Segment Start: Data shown
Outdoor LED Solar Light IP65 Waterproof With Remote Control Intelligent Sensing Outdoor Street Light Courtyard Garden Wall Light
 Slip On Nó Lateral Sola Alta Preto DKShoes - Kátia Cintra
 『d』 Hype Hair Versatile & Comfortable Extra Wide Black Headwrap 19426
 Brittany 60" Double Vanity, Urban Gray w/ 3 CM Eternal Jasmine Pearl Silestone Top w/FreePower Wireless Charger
Segment End: Data shown
* _What is needed_
An exact copy of the data is needed.

* _Response below_
Outdoor LED Solar Light IP65 Waterproof With Remote Control Intelligent Sensing Outdoor Street Light Courtyard Garden Wall Light
 Slip On Nó Lateral Sola Alta Preto DKShoes - Kátia Cintra
 『d』 Hype Hair Versatile & Comfortable Extra Wide Black Headwrap 19426
 Brittany 60" Double Vanity, Urban Gray w/ 3 CM Eternal Jasmine Pearl Silestone Top w/FreePower Wireless Charger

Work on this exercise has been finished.